"Sweet and sour carp" is also a traditional dish of Jinan, Shandong Province. Jinan north of the Yellow River, the Yellow River carp is not only fat and tender and delicious, but also golden scales and red tail, the shape is lovely, is a banquet on the delicacy. So how to make this dish? A study of it:
1. Carp cleaned up and drained, both sides of the body of the fish on a few cuts, sprinkled with pepper and soy sauce marinade.
2. Flour into a paste and set aside.
3. Mix soy sauce, sugar, vinegar, cooking wine and water into sweet and sour sauce and set aside in a bowl.
4. Put the marinated fish into the batter to hang a layer of batter.

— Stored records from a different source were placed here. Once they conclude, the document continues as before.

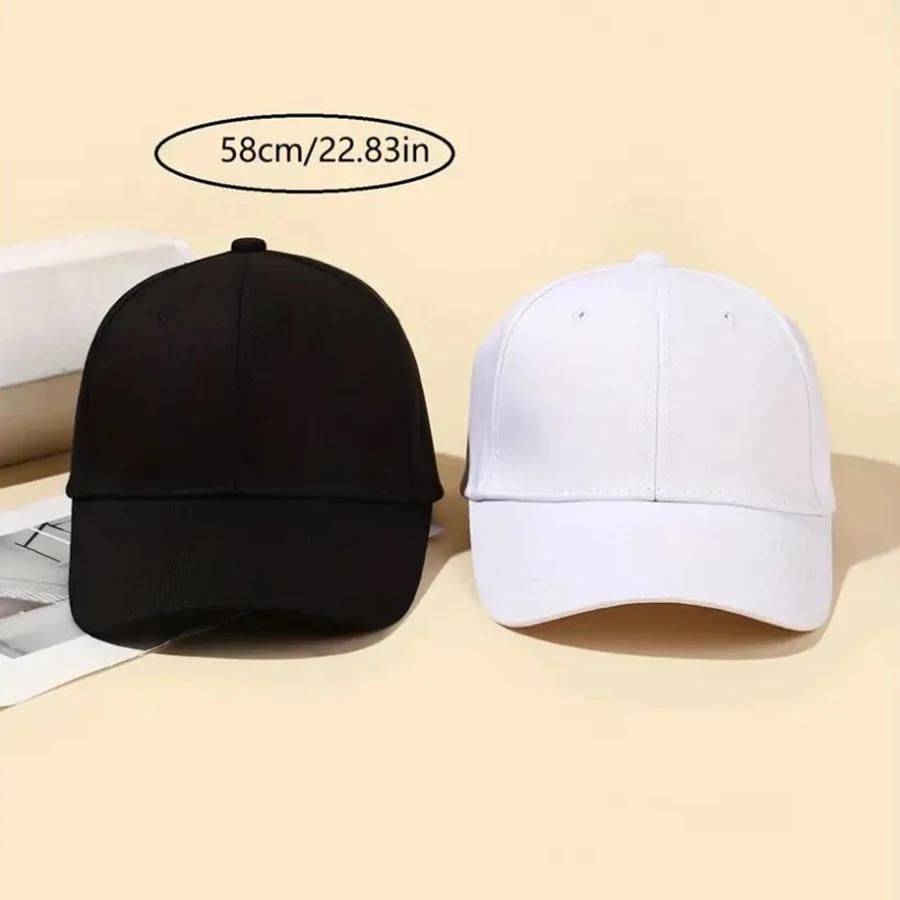 1 Piece Solid Color Baseball Cap for Women Men Cotton Unisex Hats for Casual Outdoor Sunscreen Windproof and Warm Black/White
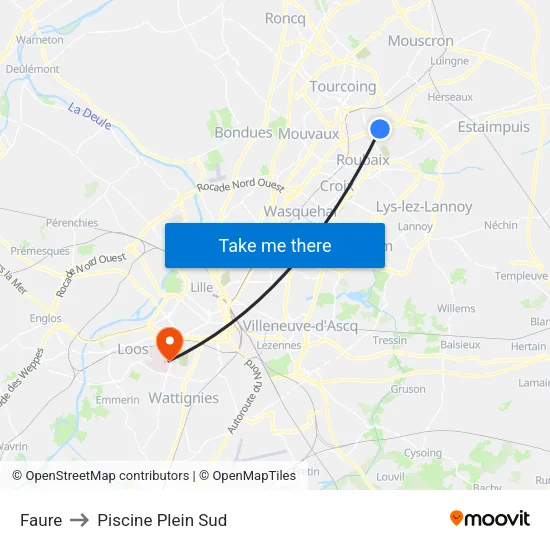 Faure to Piscine Plein Sud map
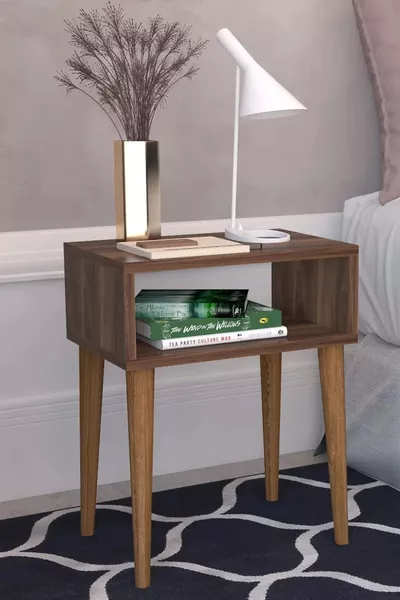 Ретро нощно шкафче - орех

5. The oil in the pot boiled into 7% heat, the fish hung with the batter to carry only the head part of the fried fish.
6. Then fry one side.
7. Turn and fry the other side.
8. Put the fish into the pan with a spatula to scoop the oil on the fish.
9. Fry the fish until golden brown.
10. Drain the oil and put it on a plate.
11. In the pan, leave the oil in the bottom and add garlic, ginger and scallions.
12. Pour in the sweet and sour sauce.
13. Pour in the appropriate amount of tomato sauce.
14. Pour in the appropriate amount of water starch juice.
15. Burned sauce poured on the previously fried fish can be.
Tips
When frying carp, fry the head first, because the head is not easy to cook. If you don't like the sweet and sour sauce to be too sour, you can choose not to put vinegar and only put tomato sauce.